My hypothesis explaining this phenomenon is that when you’re the driver, you know the moves that the car is about to make, and your body (and mind?) automatically makes small counter moves to compensate for them, effectively neutralising the movement and preventing side effects.
When you’re a passenger, you simply can’t know what the driver is about to do next.
You can make good guesses if you pay close attention to the road, sure, but you’re never going to guess with 100 percent accuracy which limb the driver will activate to react to traffic. He might accelerate or brake, change lanes with or without signalling first, or decide it’s more important to grumble before actually taking real action.
As a passenger, you are, at best, reacting to moves.
It’s possible that the average passenger isn’t even trying to preempt moves that the driver of the car is about to make, and when I found myself in those situations — like when I’m engrossed in something else — the nausea escalates even quicker, sometimes to the point where I need to take a break from the ride (i.e. puke and walk).
It’s an interesting contrast to make because thinking about it makes me draw parallels to other aspects of everyday life.
Like, say, employment.
The founders or CEOs drive, their employees are frontrow passengers, and their customers are backseat passengers.
Zooming in, senior leadership often drive with middle managers riding shotgun, and individual contributors in the back. The further you are from the driver’s position, the more nauseated you’re bound to get.
Or, say, your health. You can choose to eat what’s made conveniently available to you by restaurants and snack corners 1 km around your apartment (passenger), or you can choose to make trips to the market ahead of time, stock up on fresh food, and cook yourself more nutritious, less oily meals (driver).
The driver’s mind is fully engaged with their duty of getting themselves and their passengers to the destination safely.
The passenger is less engaged and is likely to focus more on the experience of the ride.
Realising this, we can make important changes in our lives.
Earlier I gave the example of choosing to eat out or cook in.
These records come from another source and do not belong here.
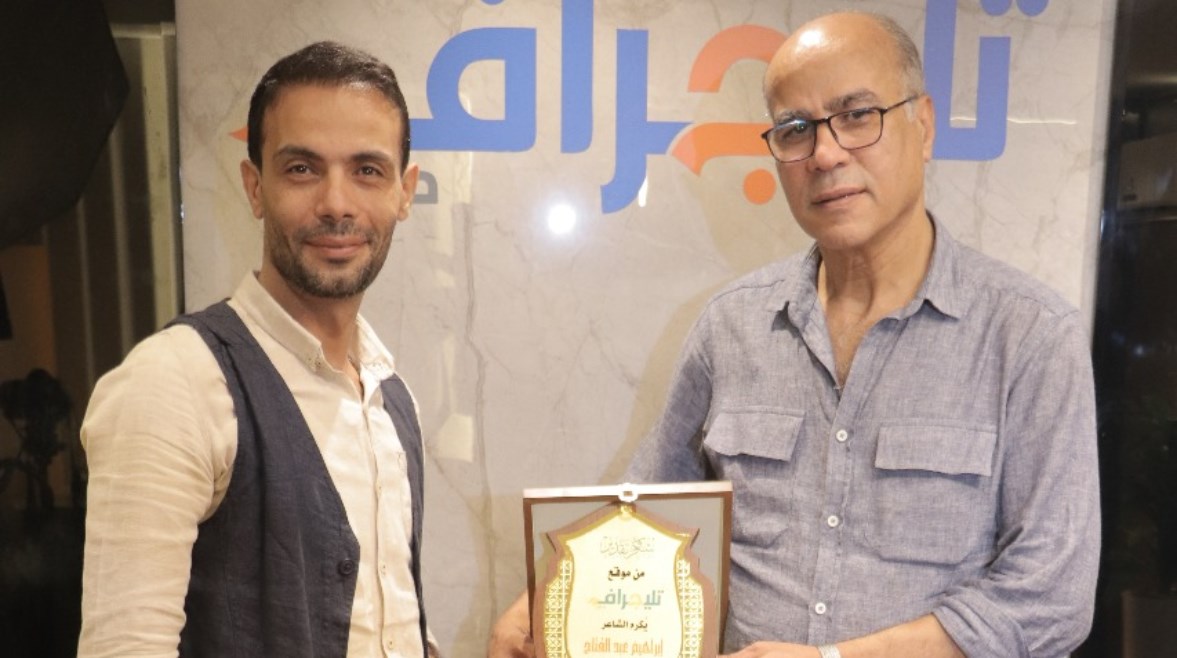 شريف إدريس وإبراهيم عبد الفتاح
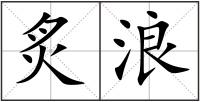 炙浪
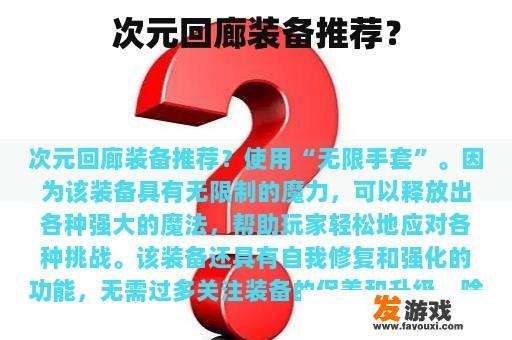 次元回廊装备推荐？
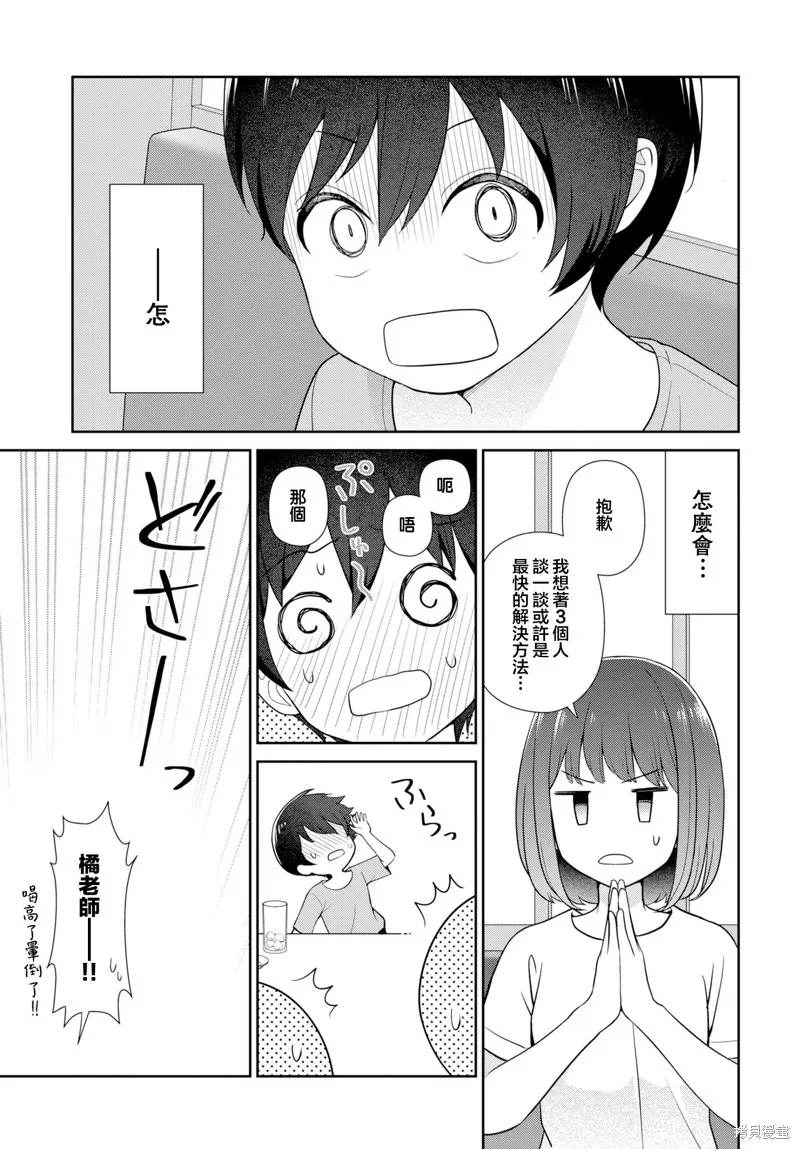 愛上老師,第07話,第7张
In terms of food choices, I often play the passenger role, relying on my wife to drive healthier choices. I know the benefits of a balanced meal over döner kebabs, but I've yet to take control.
The important distinction to make is that at any time, for most things, we have the option to get out of the passenger’s seat and drive another car. We can choose to be engaged with the duty of driving any aspect of our life instead of passively experiencing whatever unfolds and potentially feeling sick as the repercussion of others' decisions.
The best part? Driving can be good fun.